18. The telecommunications operating system as defined in claim 12, wherein the APIs of the telecommunications service application layer are further configured to provide outbound calling, call bridging, and call forwarding functions.

19. The telecommunications operating system as defined in claim 12, wherein the APIs of the telecommunications service application layer are further configured to provide reproduction of voice files.

20. The telecommunications operating system as defined in claim 12, wherein the APIs of the telecommunications service application layer are further configured to receive fax messages functions.

21. The telecommunications operating system as defined in claim 12, wherein the APIs of the telecommunications service application layer are further configured to return an allocation of a pool when a resource is no longer used by a telecommunications application.

22. The telecommunications operating system as defined in claim 12, wherein the telecommunications service application layer further includes at least one higher-level application module adapted to communicate with the APIs to provide a telecommunications application.

23. The telecommunications operating system as defined in claim 12, wherein the telecommunications operating system layer is further configured to receive data from a remote telecommunications application in a data packet, where the data packet includes a header that designates a type of resource pool and an amount of resources from the resource pool.

24. The telecommunications operating system as defined in claim 23, wherein the data packets are transmitted over the Internet.

25. The telecommunications operating system as defined in claim 12, wherein the telecommunications operating system layer further includes a Call Detailed Record generation module configured to monitor and to maintain a record of transactions that use local resources.

26. The telecommunications operating system as defined in claim 12, wherein the telecommunications operating system layer is further configured:

to detect that a resource pool is unable to supply a desired amount of resources for a telecommunications application;

to receive a status of available resources on remote systems; and

to share resources with a remote system to make the remote system resource available to the telecommunications application.

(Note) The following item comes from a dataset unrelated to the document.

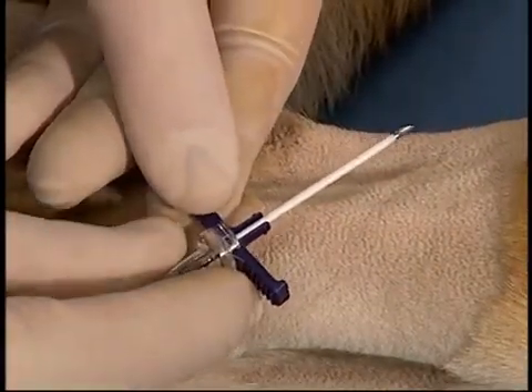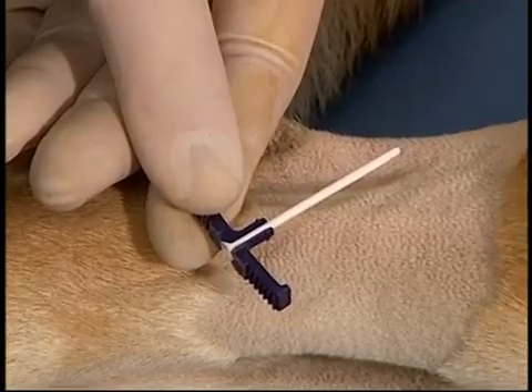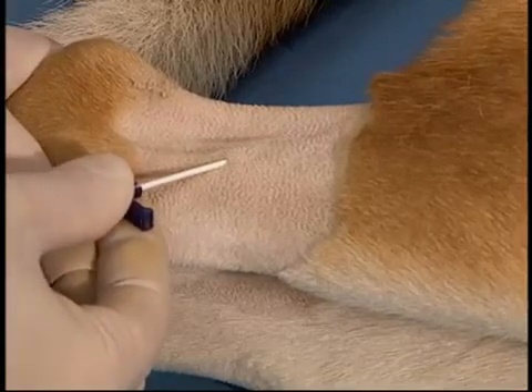The patient should be clipped, surgically prepped, and draped. The drape has been left off for visualization purposes. The sheath with its inner stylet should be inserted through the skin and into the vessel.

27. The telecommunications operating system as defined in claim 12, wherein the telecommunications operating system layer further includes a local channel resource management module that is configured to detect when a resource within a pool in use by a telecommunications application has run low on available resources, and to switch to the telecommunications application to use another resource within the pool.

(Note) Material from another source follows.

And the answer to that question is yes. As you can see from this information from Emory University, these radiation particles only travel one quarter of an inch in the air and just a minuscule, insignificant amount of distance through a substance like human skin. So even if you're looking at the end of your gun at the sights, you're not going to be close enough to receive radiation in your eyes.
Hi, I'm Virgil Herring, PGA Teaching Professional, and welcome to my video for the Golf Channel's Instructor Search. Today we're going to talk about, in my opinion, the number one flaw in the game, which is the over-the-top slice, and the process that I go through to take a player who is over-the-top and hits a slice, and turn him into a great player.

28. A system adapted to provide a platform on which telecommunications applications can be layered, the system comprising:

means for providing an interface so that a user may log in;

means for accessing an account associated with the user;

means for automatically detecting hardware resources resident on a local system that are related to telecommunications;

means for pooling the detected hardware resources into related virtual pools;

means for establishing contact with remote systems and obtaining a status of the resources available on the remote systems;

means for detecting one or more telecommunications applications associated with the user;

means for allocating the available local resources among telecommunications applications that are associated with the user;

means for providing an application program interface (API) to a telecommunications applications that enables the telecommunications application to communicate with underlying hardware and remote systems, where the API further automatically compensates for a change in the underlying hardware such that the telecommunications application continues to communicate with the underlying hardware without change to the telecommunications application;

means for re-allocating available local resources in response to an imbalance between telecommunications-related resources allocated and telecommunications-related resources consumed; and

means for requesting and receiving resources from a remote system in response to an inadequacy in locally available resources.